Good Reading: Two Eye-Catching Leads

By Mike Feinsilber

In the Washington Post, 8/8/14, by fashion writer Robin Givhan:

The designer goods at the center of the government’s case against former Virginia governor Bob McDonnell and his wife Maureen were splayed out on tables in a most undignified way, photographed and entered into evidence. An Oscar de la Renta beaded shift was entombed in thin dry cleaner’s plastic. A Louis Vuitton trenchcoat lay limp on a hanger. A pearl-colored Louis Vuitton handbag look deflated and cheap. Separated from the woman who risked so much to get them, the clothes, with their sizes visible, looked like so many specimens of human weakness, social status and cultural detritus awaiting dissection.
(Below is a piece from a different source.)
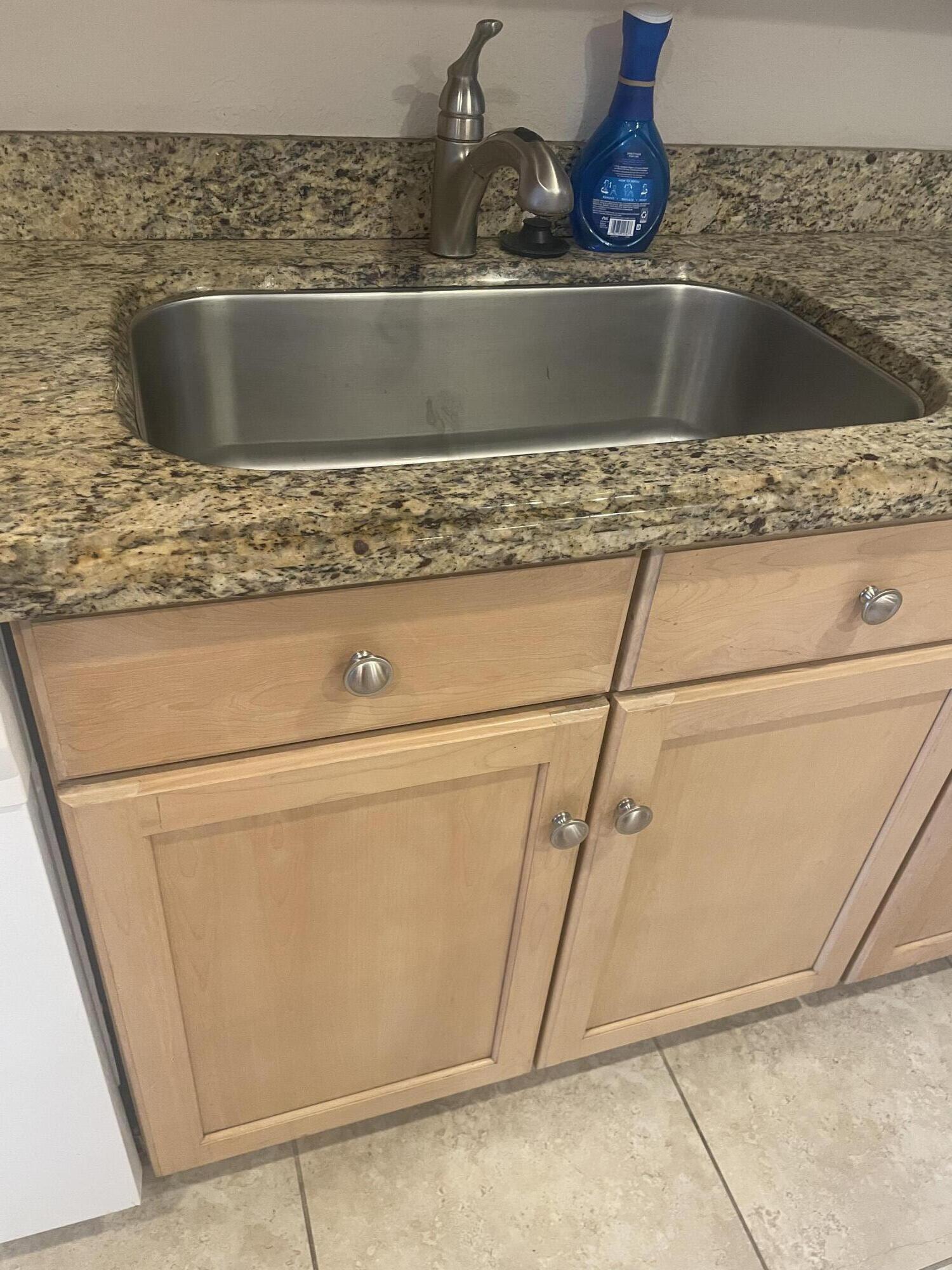 710 Northeast 7th Street, Unit 103 Boynton Beach, FL 33435 - Photo 8 of 12 a view of washer and dryer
Poke at them and the insecurity flows out.

In the New York Times, 8/8/14, by technology writer John Markoff:

Inspired by the architecture of the brain, scientists have developed a new kind of computer chip that uses no more power than a hearing aid and may eventually excel at calculations that stump today’s supercomputers.

Another sign of excellence by these two great newspapers: the headlines over both stories:

Over the Givhan story:

A purse filled with status and insecurity

Over the Markoff story:

A New Chip Functions Like a Brain, IBM Says

If the purpose of headlines is to summarize the news and draw readers to it, these two headlines do the job.